On Feb. 14 more than a dozen armed men attacked Cerezo and several other PDC members just as they were leaving the party's headquarters in Guatemala City. A bystander was killed and three injured in the ensuing exchange of fire. Almost miraculously, Cerezo and his bodyguards managed safely to reach their beige-colored bulletproof van. Two of the PDC men who were with Cerezo were arrested for allegedly initiating an attack against policemen. Cerezo says he now has evidence that the assassination attempt was carried out of an elite police unit called Comando Seis.

Cerezo said he was warned last year that top military men had made a decision to eliminate the PDC leadership. Earlier, much of the country's Social Democratic Party leadership had been wiped out. But Cerezo says that he would still consider entering next year's election if some changes could be made in the election laws. He thinks that as it is, the current system of voters registration lends itself to fraud.

It is Cerezo's willingness to continue working within the system that has apparently made him suspect in the eyes of many on both the left and right. His critics on the left seem to think that the United States might try to use Cerezo to stake out a "centrist" position in Guatemala similar to that occupied in El Salvador by Cerezo's fellow Christian Democrat, President Jose Napoleon Duarte. Critics on the right appear to harbor a similar suspicion.

But the Lucas Garcia government denies any involvement with Guatemala's death squads. For the killings it blames the left, or rightist groups that are said to be beyond government control.

In a report published in February, Amnesty International, the London-based human-rights organization, said that no convincing evidence existed that right-wind death squads operated outside government control. The report asserted that most of the assassinations are carried out by the government's civil and military security services. Their actions, according to the report, are coordinated by a special intelligence agency under the supervision of President Lucas himself.

If Amnesty is correct, most of the many "disappearances," detentions, and killings that occur in this country are far from random but are part of a system under which people who oppose, or are imagined to oppose, the government are seized without warrant, tortured, and murdered.

According to the Amnesty account, the security forces in 1980 centered their gunsights on leaders of public opinion: members of teh clergy, educators and students, lawyers, physicians, trade unionists, journalists, and community workers. But in the end most of the victims, the report says, came from among poor city people and peasants whose political activities appeared to be insignificant or wholly imagined by their captors.

Amnesty bases its report to a great extent on the testimony of two people whom it identifies as a former prisoner and a former Guatemalan soldier.

Some longtime foreign residents of Guatemala City, not to mention conservative Guatemalan business people and others, complain that Amnesty International never reports on the killings perpetrated by the left. They further allege that Amnesty's research is not based on adequate reporting from the scene.

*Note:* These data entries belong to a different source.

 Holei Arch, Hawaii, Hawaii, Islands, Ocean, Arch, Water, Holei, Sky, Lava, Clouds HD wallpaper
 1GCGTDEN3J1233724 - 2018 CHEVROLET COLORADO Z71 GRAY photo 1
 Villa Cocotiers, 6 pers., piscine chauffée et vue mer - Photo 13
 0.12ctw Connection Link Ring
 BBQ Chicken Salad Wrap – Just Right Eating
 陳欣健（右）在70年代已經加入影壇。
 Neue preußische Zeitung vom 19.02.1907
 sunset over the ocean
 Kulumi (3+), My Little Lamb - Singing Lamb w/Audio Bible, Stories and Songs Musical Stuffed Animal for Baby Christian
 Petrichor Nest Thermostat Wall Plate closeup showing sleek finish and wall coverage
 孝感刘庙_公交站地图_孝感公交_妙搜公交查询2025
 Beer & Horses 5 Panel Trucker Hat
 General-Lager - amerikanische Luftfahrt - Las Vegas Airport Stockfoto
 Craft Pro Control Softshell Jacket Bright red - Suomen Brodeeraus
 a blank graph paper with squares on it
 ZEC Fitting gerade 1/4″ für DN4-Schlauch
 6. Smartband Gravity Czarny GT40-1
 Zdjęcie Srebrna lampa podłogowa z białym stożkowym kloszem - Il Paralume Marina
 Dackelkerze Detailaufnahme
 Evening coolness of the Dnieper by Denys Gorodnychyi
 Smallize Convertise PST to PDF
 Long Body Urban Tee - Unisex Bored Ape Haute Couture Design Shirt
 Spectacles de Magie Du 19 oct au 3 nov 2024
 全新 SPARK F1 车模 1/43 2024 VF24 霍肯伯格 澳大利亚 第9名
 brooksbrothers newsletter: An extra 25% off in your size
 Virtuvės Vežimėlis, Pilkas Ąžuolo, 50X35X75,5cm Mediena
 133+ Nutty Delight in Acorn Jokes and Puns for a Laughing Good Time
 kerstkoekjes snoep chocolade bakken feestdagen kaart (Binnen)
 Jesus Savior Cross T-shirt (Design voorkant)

But the allegation that the torture and killings are systematic -- and not random -- was confirmed to a degree by a Guatemalan military order who told an American acquaintance that the government does have "list" of suspected subversives. Regrettably, the officer was quoted as saying, "Someone sometimes turns up on too many lists."

Even the cautious US State Department goes far toward condemning the Guatemala regime in a human-rights report that it issued in February. Reporting on 1980, the department said that kidnappings and assassinations reached higher levels than in 1979. According to the report, deaths that appeared to be politically motivated averaged 75 to 100 a month.

"Reportedly these acts were carried out by armed extremists of the left and right and by elements of the official security forces," the State Department said. "The government has not taken effective steps to half abuses or carry out serious investigations."